Date of Editorial Board meeting: 
Publication date: 
Friday, January 15, 2016
Abstract in English: 
The European Union seems to be moving from one emergency to the next. Europe’s leaders are in crisis-fighting mode: reactive, improvising, often uncoordinated – but ultimately modestly successful.
The Eurozone has not splintered; Russia is smarting under Western sanctions; some burden-sharing on refugees has been agreed. Busy with short-term problems, however, Europeans have taken their eyes off more profound, long-term challenges. How the European Union copes with its immediate problems in the next couple of years will determine how the continent will fare in decades to come.

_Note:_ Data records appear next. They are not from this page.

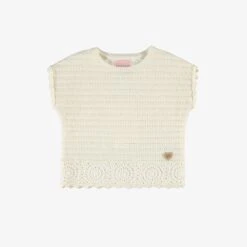 T-shirt Crème En Tricot à Détails De Fleurs, Bébé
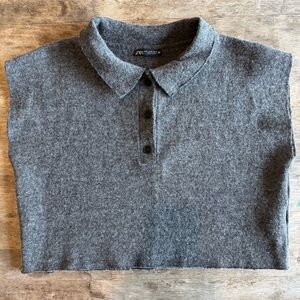 ZARA WOOL CROPPED POLO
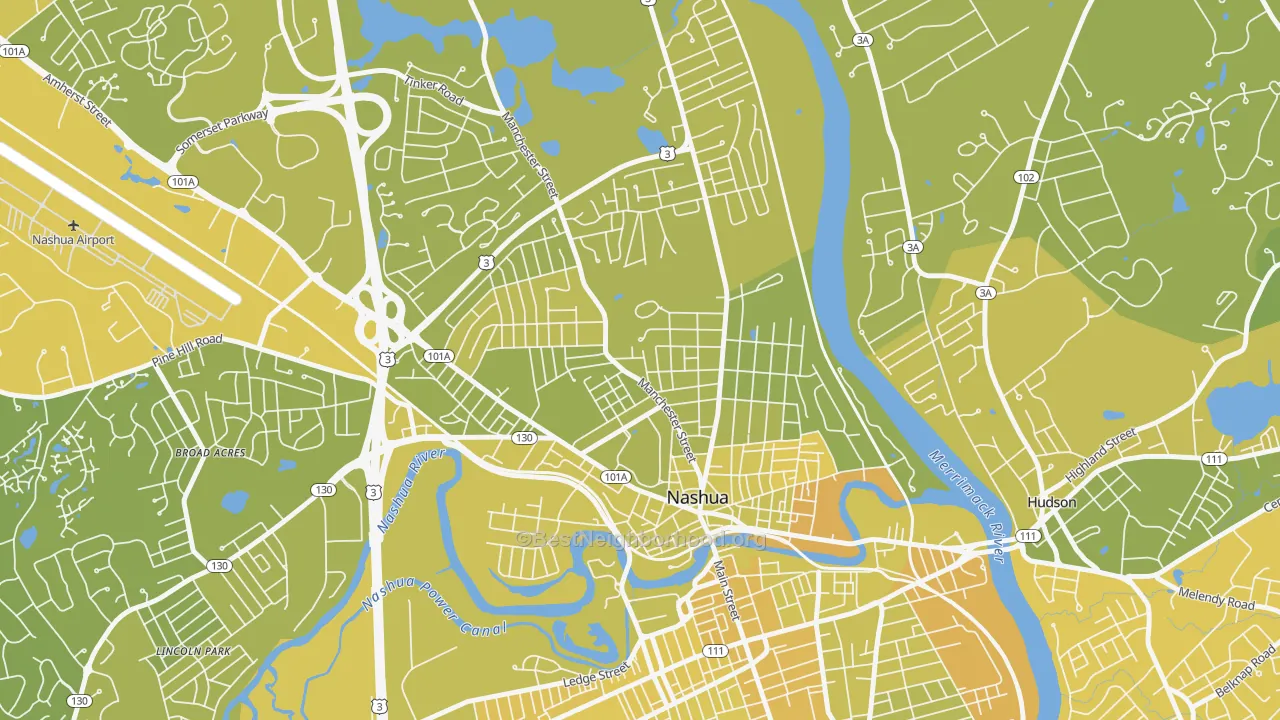 Map of the best neighborhoods in the 03064 area, with better matches in green and worse matches in red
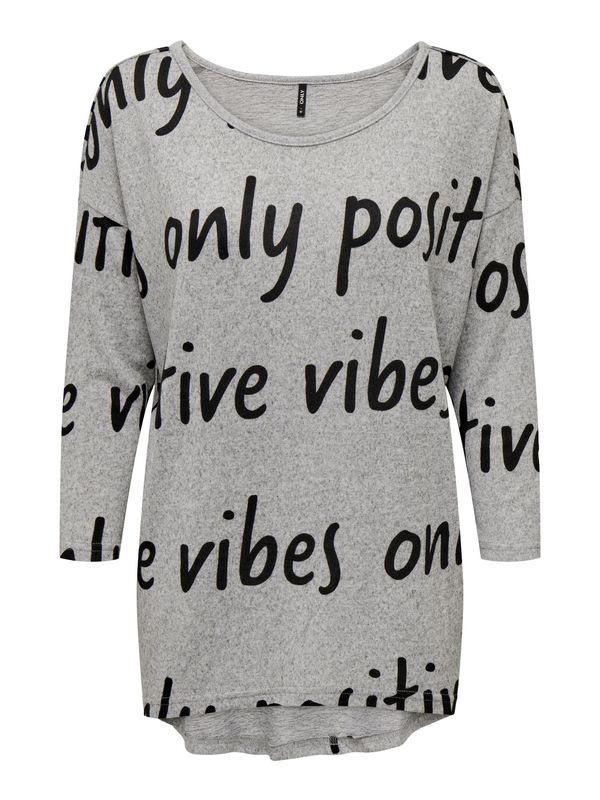 ONLY ONLY Тениска 'Elcos'  сив меланж / черно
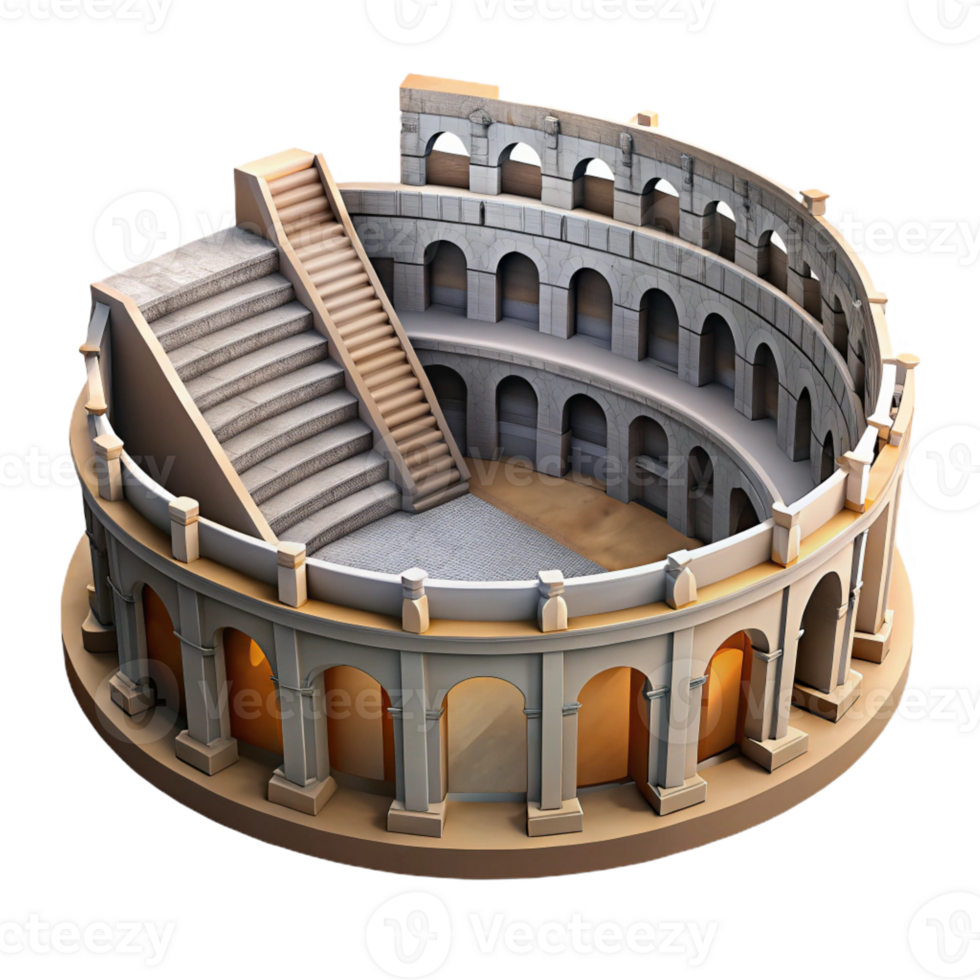 impressive rustic A Roman amphitheater, weathered stone, dramatic lighting, historical accuracy, aerial perspective authentic png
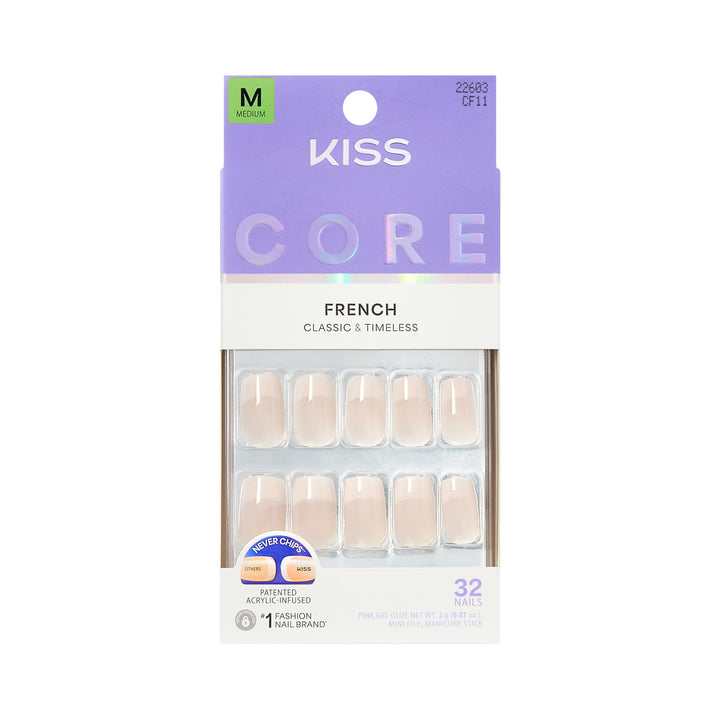 KISS core front packaging showing 'Scenario' pink kit and included tools for easy use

In this White Paper, we – the Global Agenda Council on Europe – are analysing some of the most pressing issues confronting the EU in 2016-2017. We present the choices that European leaders must make in the years ahead and explain how these could shape the Union’s medium to long-term development. To illustrate how different policy choices interact, we have drawn up two fictitious scenarios of how the EU could evolve in the next 10 years.
The immediate economic concerns that dominated the European agenda in 2008-2014 are lessening. The cyclical upswing in the European economy, however, must not make governments complacent about the need for reforms. Faced with stagnating or shrinking working-age populations, European countries simply must fix their productivity problem to generate long-term growth. In innovation and digitization, Europeans often seem obsessed with data privacy and protection rather than grasping new opportunities. The European Commission’s laudable attempts to integrate and improve EU markets – for example, for energy and capital – have so far been slow to get off the ground. The arrival of millions of migrants, asylum seekers and refugees is a great opportunity for an ageing Europe, but only if governments, together with the private sector, act swiftly to help the new arrivals find jobs.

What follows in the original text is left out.